There are stories of substance abuse among so many of our people. They tend to use substances to try and cope with all the challenges and mental health issues that they are not dealing with because people have not gone to therapy or found assistance. People turn to alcohol, people turn to marijuana, people turn to drugs, as a way to calm the pain of being rejected at home or being rejected in other spaces.
What, in your experience, are the biggest mental health issues facing the LGBTIQ+ community?
Well, number one is depression. Number two is anxiety. And number three is substance abuse. And the three of them interplay. Sometimes depression comes with anxiety, sometimes substance abuse is a way to cope with the depression and the anxiety. That’s the top three but they [often] interweave into one another.
“Accepting who you are is very important but very difficult…”
To what extent is suicide a problem in our community?
It’s a big problem. I think this year alone, we’ve heard about six cases where people committed suicide. I’m sure people have heard of more. I remember at one point it was happening more in the Vaal [region] because there were such high violence rates happening in the area.
Does internalised homophobia play a big role in our mental health?
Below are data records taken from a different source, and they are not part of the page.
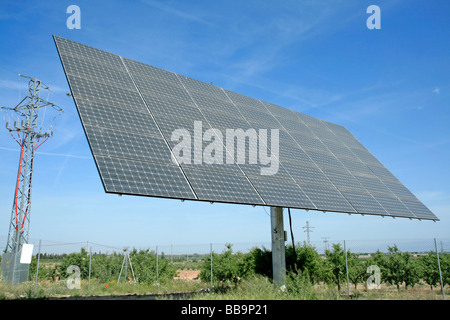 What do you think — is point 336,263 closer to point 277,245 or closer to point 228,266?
point 228,266

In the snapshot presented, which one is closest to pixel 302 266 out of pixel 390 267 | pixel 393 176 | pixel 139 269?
pixel 393 176

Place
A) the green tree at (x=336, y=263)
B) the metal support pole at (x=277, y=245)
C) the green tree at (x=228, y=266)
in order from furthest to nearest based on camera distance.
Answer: the green tree at (x=336, y=263), the green tree at (x=228, y=266), the metal support pole at (x=277, y=245)

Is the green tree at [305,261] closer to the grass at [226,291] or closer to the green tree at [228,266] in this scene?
the grass at [226,291]

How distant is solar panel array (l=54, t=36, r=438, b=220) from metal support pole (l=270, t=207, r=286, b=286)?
1911 mm

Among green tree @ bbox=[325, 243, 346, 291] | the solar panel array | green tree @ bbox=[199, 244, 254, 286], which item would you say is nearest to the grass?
green tree @ bbox=[199, 244, 254, 286]

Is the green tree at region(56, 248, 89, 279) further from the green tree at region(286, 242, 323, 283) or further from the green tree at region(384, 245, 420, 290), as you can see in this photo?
the green tree at region(384, 245, 420, 290)

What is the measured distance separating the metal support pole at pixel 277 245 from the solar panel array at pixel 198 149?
1911 mm

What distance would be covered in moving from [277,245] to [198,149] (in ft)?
18.8

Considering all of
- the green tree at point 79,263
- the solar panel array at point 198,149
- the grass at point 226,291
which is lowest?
the grass at point 226,291

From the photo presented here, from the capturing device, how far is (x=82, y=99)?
39.5 feet

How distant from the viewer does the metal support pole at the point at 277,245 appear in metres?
15.2

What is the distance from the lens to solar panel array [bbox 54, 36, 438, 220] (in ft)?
35.4

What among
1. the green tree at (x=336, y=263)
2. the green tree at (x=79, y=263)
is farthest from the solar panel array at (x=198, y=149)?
the green tree at (x=79, y=263)

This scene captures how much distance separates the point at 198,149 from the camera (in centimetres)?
1295
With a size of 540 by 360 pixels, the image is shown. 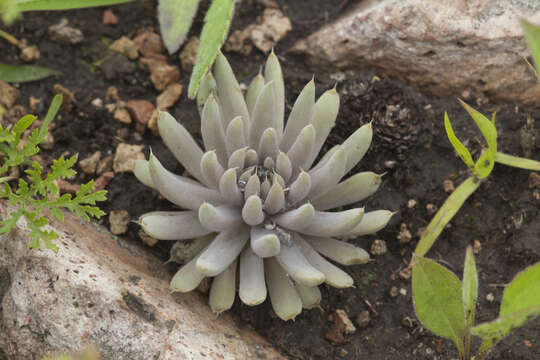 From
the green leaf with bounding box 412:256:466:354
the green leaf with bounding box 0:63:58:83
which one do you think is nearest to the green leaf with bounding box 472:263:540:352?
the green leaf with bounding box 412:256:466:354

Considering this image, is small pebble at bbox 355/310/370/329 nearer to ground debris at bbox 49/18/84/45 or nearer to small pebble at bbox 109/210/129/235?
small pebble at bbox 109/210/129/235

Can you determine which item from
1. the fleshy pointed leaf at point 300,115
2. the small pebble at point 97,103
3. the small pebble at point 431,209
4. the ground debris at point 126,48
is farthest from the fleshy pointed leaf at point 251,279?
the ground debris at point 126,48

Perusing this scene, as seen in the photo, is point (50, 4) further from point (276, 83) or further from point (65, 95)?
point (276, 83)

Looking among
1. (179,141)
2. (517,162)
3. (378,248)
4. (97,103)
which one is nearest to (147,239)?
(179,141)

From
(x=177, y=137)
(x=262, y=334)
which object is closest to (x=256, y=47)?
(x=177, y=137)

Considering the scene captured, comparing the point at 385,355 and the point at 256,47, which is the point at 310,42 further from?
the point at 385,355

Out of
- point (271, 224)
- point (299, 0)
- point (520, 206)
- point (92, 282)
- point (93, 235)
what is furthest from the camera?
point (299, 0)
Yes, it’s a big one. The coming out to self is the most difficult. That ties into the theme of self-care, self-love and just realising that you are adequate and enough. Accepting who you are is very important but very difficult, especially given people’s different challenges. Some people may be Muslim, they may be Christian, where families can be very forward about how homophobic they are and how it is wrong according to God. So, someone might feel that there’s something wrong with them. Some go as far as living heterosexual lives because they just cannot get to a level of accepting themselves. And some of those people might even become violent to people who are openly queer because of that anger of other people having gone past that stage, that they could not go past.
Is there enough mental health support for LGBTIQ+ people in South Africa?
No, a big no! For example, since 2019 our organisation has not received any funding. No one has come forward to say we will support you, and we have knocked on many doors. And we are the only organisation that was started specifically for the mental health of queer people. The level of support is very low.
Are mental health professionals generally sensitised about LGBTIQ+ specific issues?
There are many cases where we know people have gone to a psychologist and that psychologist talks to them about conversion [therapy], about “maybe this is not the life that you should be living and maybe you’d not be so depressed if you were heterosexual.” All medical professionals across the board should be sensitised because medical professionals are supposed to be safe spaces for people to go to when they need assistance. We need to make sure that anyone in South Africa can go to any medical professional and be treated with the same level of love and respect.
Do people in our community know where to go for help?
People don’t know where to go. And you know, it’s a pity that the government was not here today because those are some of the things we want to raise; how does the government take that initiative – as much as they will inform people to go out and vote – to inform them where to go for help and say, “these are the numbers to call if you are LGBTIQ+.” The government really needs to come to the party when it comes to making sure that information is disseminated to communities.
How can we improve access to mental health support for LGBTIQ+ people?
Number one is education. Education of communities so that people can identify when they have mental health issues, or when their loved ones have mental health issues. Next is the education of the spaces that people will go into to seek assistance, like the local clinics, the hospitals, the government institutions, the doctors and psychologists; everyone needs to be educated on the existence of this so that we can all be there for one another.